Mohammed Adamu, the inspector-general of police, says Katsina state’s amnesty programme for bandits is not new because “such negotiations will bring peace”.
He said the federal government also granted amnesty to Niger Delta militants in the past.
The IGP further said the security situation in the country has improved compared to the two quarters ago, maintaining that banditry and kidnapping have reduced.
He was briefing state house correspondents after a meeting between President Muhammadu Buhari and security chiefs at the presidential villa on Thursday.
Katsina governor, Aminu Masari, was recently pictured meeting with the leader of bandits in his state and has been greeted with criticism.
But Adamu said: “When we are talking about peace initiative, there are a lot of things that we take into consideration: you give out something to get something. And this peace initiative did not start with the bandits in the north-western part of this country.
“If you remember, some years back we were having issues in the Niger Delta and those issues kinetic actions could not solve the problem until amnesty and peace initiative came up and what we had had in Niger Delta had gone.
“So, I think part of strategy to deal with challenges in terms of either security or war, there is peaceful negotiation too. So it is not that you are a bandit and on the course of the banditry you committed crime you must be punished when there is peace initiative going on. If you refused to accept the peace initiative of course you have to face the consequences.”
Asked if he was comparing the Niger Delta militant agitation to the killings by bandits in the north-west, he replied: “It is not like comparison per se but giving an example how a negotiation and dialogue can bring peace.
“Even in terms of war, you go into dialogue so as to achieve certain level of peace. That is what I am trying to say. So if dialogue can bring peace, why do you have to use force?
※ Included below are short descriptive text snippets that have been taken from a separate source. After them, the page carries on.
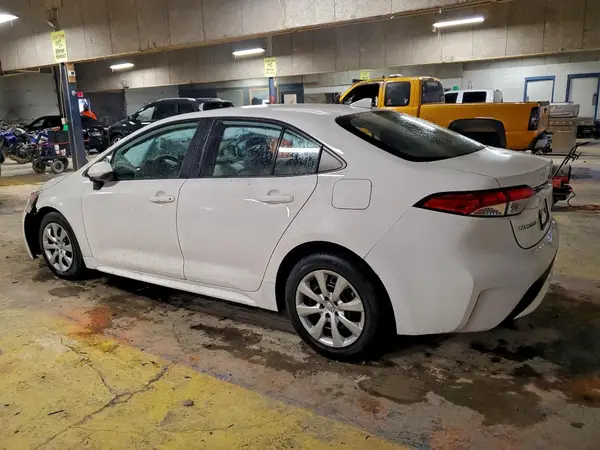 5YFEPMAE2MP216866 2021 TOYOTA COROLLA - Image 2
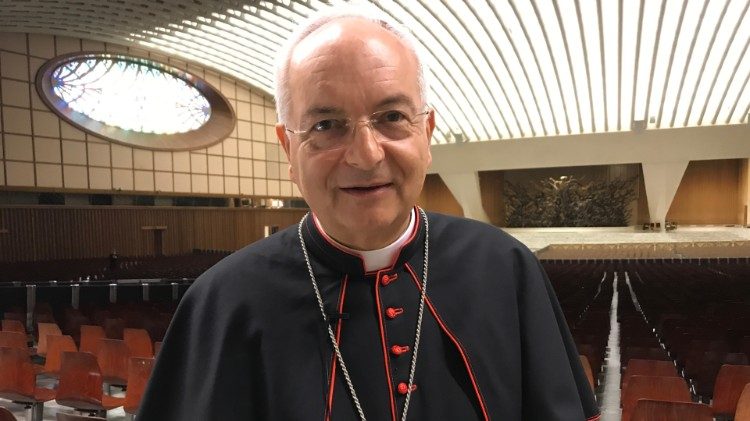 Kardinal Mauro Piacenza 
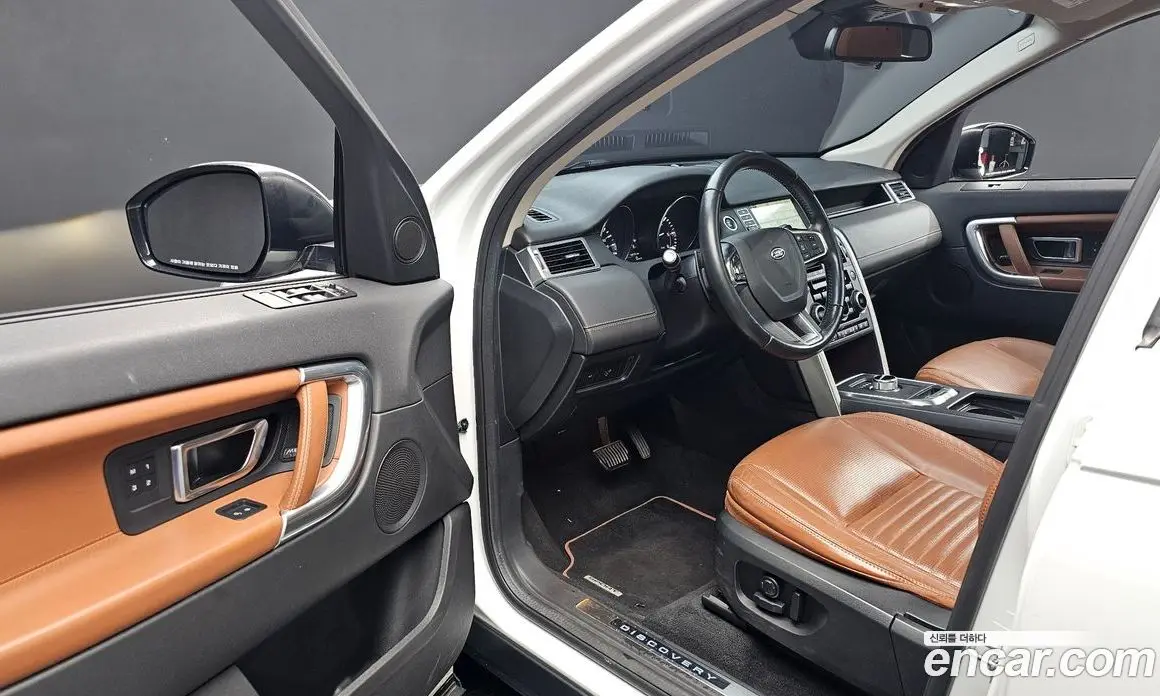 Land Rover Discovery Sport 2015 2.2 автомат (гидро), фото 10 Land Rover Discovery Sport 2015 2.2 автомат (гидро), фото 10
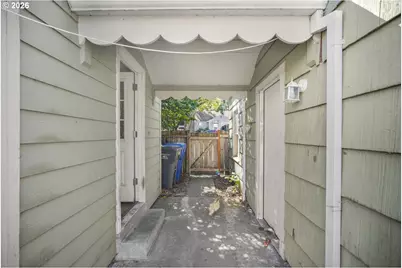 13025 SE Harold St, Portland, OR 97236 - Photo 11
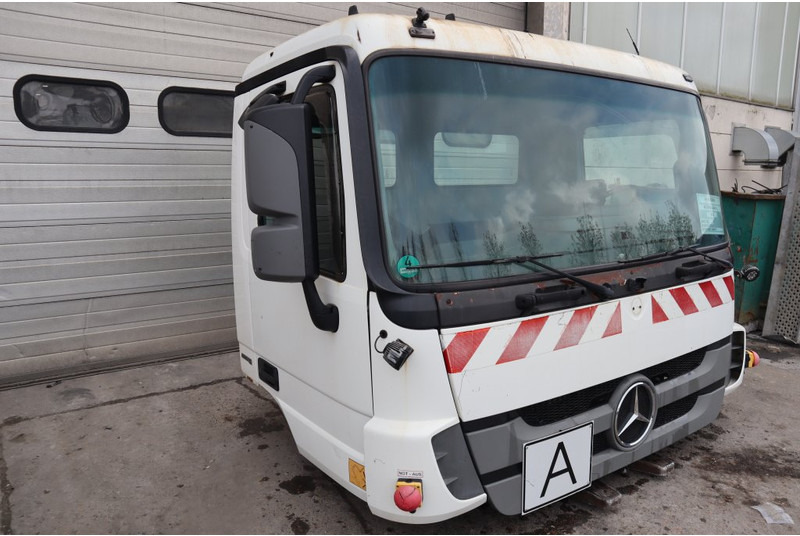Mercedes-Benz ACTROS F07 MP3 - Kabīne un interjers - Kravas automašīna: foto 2 Mercedes-Benz ACTROS F07 MP3 - Kabīne un interjers - Kravas automašīna: foto 2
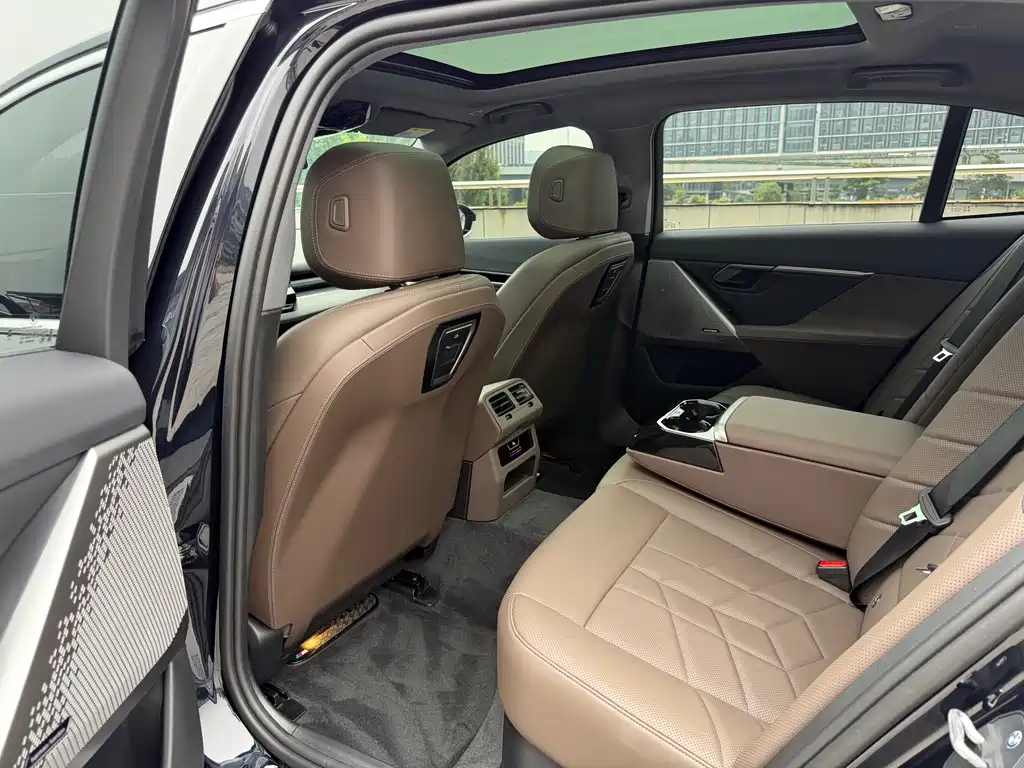 BMW 5 Series 2025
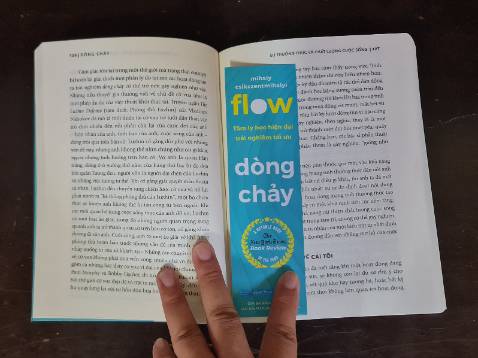 Vừa nhận sách xong nên đánh giá cảm quan trước về chất lượng dịch vụ và chất lượng làm sách.
Sách được bao gói cẩn thận, nguyen seal nilon, bọc 1 lớp xốp chống sốc bên ngoài, sau đó mới đóng vào hộp carton vừa vặn với sách. Dịch vụ ship tiết kiệm hài lòng, không cần quá nhanh. Giá mua tiki khá tốt.
Sách của FirstNew, ruột in giấy ngà vàng nên đọc không mỏi mắt. Bìa làm mỏng quá, nên làm bìa định lượng dầy hơn chút sẽ tốt hơn, hoặc ra thêm bản bìa cứng. Kích thước 14 x 20 khá gọn, cầm đi đọc được, nếu có bản nhỏ hơn thì tốt, vì bản này phần khung chữ thu vào nhiều, để thừa giấy lề nhiều.
Được tặng kèm bookmark nhưng cũng mỏng tang, nếu dày dặn thì giá trị biết mấy.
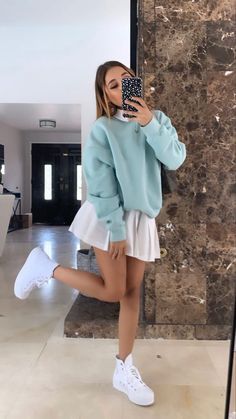 Tennis Skirt Outfit, White Tennis Skirt, Wardrobe Tips, Legally Blonde, Outfits Chic, Paris Outfits, Nice Style, Fashion Mistakes, Really Cute Outfits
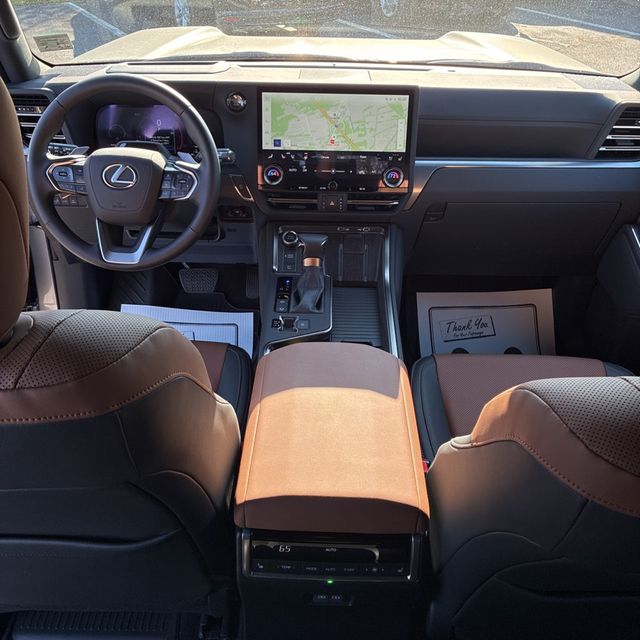 2025 Lexus GX Premium+/Heated&CooledSeats/HeadsUpDisplay/ColdAreaPkg/NAV - 22937593 - 8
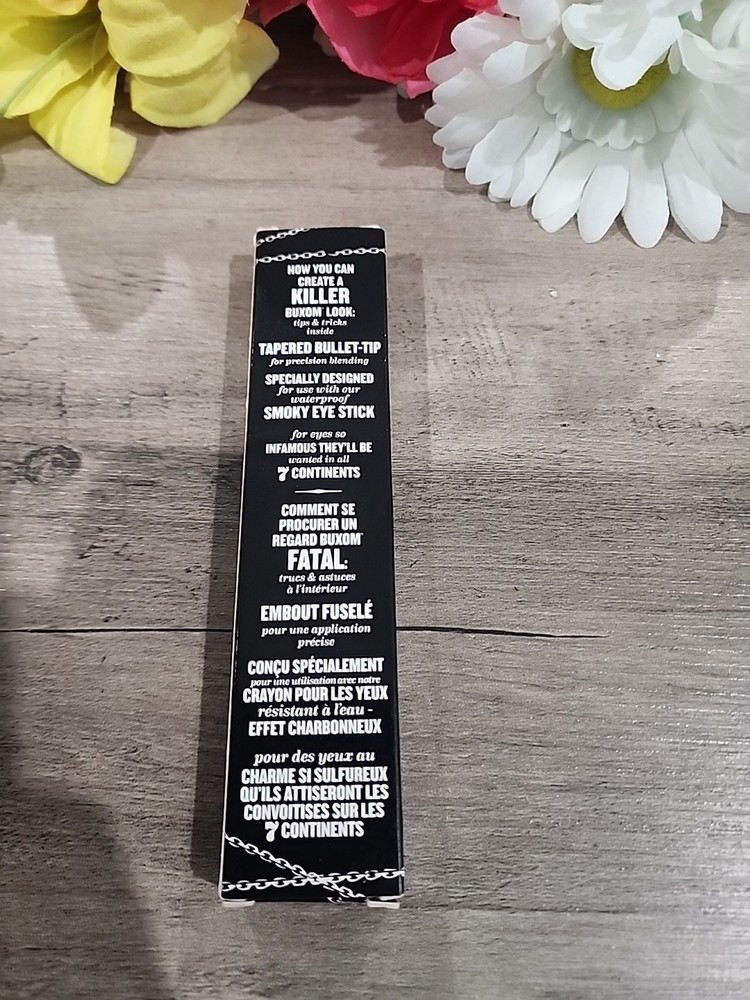 BUXOM SMOKY EYE BRUSH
That is what I am just trying to say.”
Adamu said that reduction in crime rate is noticeable in Zamfara, Katsina and Kaduna states.
“For instance, in June, 2019, a total of 111 murder cases were reported nationally, while it reduced to 99 in July and 80 in August,” he said.
“One hundred and eighty-three armed robbery incidents were reported in June, with the rate dropping to 127 in July and 96 in August 2019.
“A similar decline was noticed in the rate of kidnapping with 134 incidents recorded in June, which declined to 112 in July and further declined to 83 in August.”